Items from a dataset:
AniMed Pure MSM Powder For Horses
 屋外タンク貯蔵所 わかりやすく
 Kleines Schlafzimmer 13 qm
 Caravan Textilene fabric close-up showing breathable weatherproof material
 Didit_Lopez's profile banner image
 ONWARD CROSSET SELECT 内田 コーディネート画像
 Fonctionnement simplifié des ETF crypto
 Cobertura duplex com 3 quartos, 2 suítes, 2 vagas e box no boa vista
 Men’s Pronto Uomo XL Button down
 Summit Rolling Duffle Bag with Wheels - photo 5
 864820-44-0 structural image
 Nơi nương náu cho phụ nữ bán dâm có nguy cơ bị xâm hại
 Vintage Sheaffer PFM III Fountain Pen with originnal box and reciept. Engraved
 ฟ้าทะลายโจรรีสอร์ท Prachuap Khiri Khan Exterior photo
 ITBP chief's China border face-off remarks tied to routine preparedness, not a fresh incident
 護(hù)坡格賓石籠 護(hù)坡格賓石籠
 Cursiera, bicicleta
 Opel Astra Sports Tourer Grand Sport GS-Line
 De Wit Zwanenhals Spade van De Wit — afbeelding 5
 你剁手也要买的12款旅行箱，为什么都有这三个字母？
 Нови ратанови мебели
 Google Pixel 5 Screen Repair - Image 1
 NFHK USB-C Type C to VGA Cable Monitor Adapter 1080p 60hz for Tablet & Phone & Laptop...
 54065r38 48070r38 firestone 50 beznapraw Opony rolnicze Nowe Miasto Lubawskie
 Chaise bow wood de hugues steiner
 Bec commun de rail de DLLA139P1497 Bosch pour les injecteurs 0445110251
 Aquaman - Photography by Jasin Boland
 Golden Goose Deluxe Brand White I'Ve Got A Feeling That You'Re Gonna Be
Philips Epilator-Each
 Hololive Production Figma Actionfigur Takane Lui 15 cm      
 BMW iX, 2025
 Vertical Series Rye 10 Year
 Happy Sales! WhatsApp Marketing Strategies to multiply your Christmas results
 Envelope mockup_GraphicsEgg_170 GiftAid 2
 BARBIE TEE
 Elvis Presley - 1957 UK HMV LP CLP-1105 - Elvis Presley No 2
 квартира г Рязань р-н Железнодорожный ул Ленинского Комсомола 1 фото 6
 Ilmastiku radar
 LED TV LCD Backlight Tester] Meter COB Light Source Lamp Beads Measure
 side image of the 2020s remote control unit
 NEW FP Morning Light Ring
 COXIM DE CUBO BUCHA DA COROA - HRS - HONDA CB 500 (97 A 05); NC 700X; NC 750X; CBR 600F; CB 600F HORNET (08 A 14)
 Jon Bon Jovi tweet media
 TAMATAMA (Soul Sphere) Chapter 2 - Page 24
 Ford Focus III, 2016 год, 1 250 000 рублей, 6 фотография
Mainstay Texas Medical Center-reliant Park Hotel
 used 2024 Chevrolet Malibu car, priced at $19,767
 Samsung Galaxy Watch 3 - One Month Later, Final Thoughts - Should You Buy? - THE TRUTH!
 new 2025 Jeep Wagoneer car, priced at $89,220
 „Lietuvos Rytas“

Task brief >> An exact reproduction of all the records is required.

Reply to the task >>
AniMed Pure MSM Powder For Horses
 屋外タンク貯蔵所 わかりやすく
 Kleines Schlafzimmer 13 qm
 Caravan Textilene fabric close-up showing breathable weatherproof material
 Didit_Lopez's profile banner image
 ONWARD CROSSET SELECT 内田 コーディネート画像
 Fonctionnement simplifié des ETF crypto
 Cobertura duplex com 3 quartos, 2 suítes, 2 vagas e box no boa vista
 Men’s Pronto Uomo XL Button down
 Summit Rolling Duffle Bag with Wheels - photo 5
 864820-44-0 structural image
 Nơi nương náu cho phụ nữ bán dâm có nguy cơ bị xâm hại
 Vintage Sheaffer PFM III Fountain Pen with originnal box and reciept. Engraved
 ฟ้าทะลายโจรรีสอร์ท Prachuap Khiri Khan Exterior photo
 ITBP chief's China border face-off remarks tied to routine preparedness, not a fresh incident
 護(hù)坡格賓石籠 護(hù)坡格賓石籠
 Cursiera, bicicleta
 Opel Astra Sports Tourer Grand Sport GS-Line
 De Wit Zwanenhals Spade van De Wit — afbeelding 5
 你剁手也要买的12款旅行箱，为什么都有这三个字母？
 Нови ратанови мебели
 Google Pixel 5 Screen Repair - Image 1
 NFHK USB-C Type C to VGA Cable Monitor Adapter 1080p 60hz for Tablet & Phone & Laptop...
 54065r38 48070r38 firestone 50 beznapraw Opony rolnicze Nowe Miasto Lubawskie
 Chaise bow wood de hugues steiner
 Bec commun de rail de DLLA139P1497 Bosch pour les injecteurs 0445110251
 Aquaman - Photography by Jasin Boland
 Golden Goose Deluxe Brand White I'Ve Got A Feeling That You'Re Gonna Be
Philips Epilator-Each
 Hololive Production Figma Actionfigur Takane Lui 15 cm      
 BMW iX, 2025
 Vertical Series Rye 10 Year
 Happy Sales! WhatsApp Marketing Strategies to multiply your Christmas results
 Envelope mockup_GraphicsEgg_170 GiftAid 2
 BARBIE TEE
 Elvis Presley - 1957 UK HMV LP CLP-1105 - Elvis Presley No 2
 квартира г Рязань р-н Железнодорожный ул Ленинского Комсомола 1 фото 6
 Ilmastiku radar
 LED TV LCD Backlight Tester] Meter COB Light Source Lamp Beads Measure
 side image of the 2020s remote control unit
 NEW FP Morning Light Ring
 COXIM DE CUBO BUCHA DA COROA - HRS - HONDA CB 500 (97 A 05); NC 700X; NC 750X; CBR 600F; CB 600F HORNET (08 A 14)
 Jon Bon Jovi tweet media
 TAMATAMA (Soul Sphere) Chapter 2 - Page 24
 Ford Focus III, 2016 год, 1 250 000 рублей, 6 фотография
Mainstay Texas Medical Center-reliant Park Hotel
 used 2024 Chevrolet Malibu car, priced at $19,767
 Samsung Galaxy Watch 3 - One Month Later, Final Thoughts - Should You Buy? - THE TRUTH!
 new 2025 Jeep Wagoneer car, priced at $89,220
 „Lietuvos Rytas“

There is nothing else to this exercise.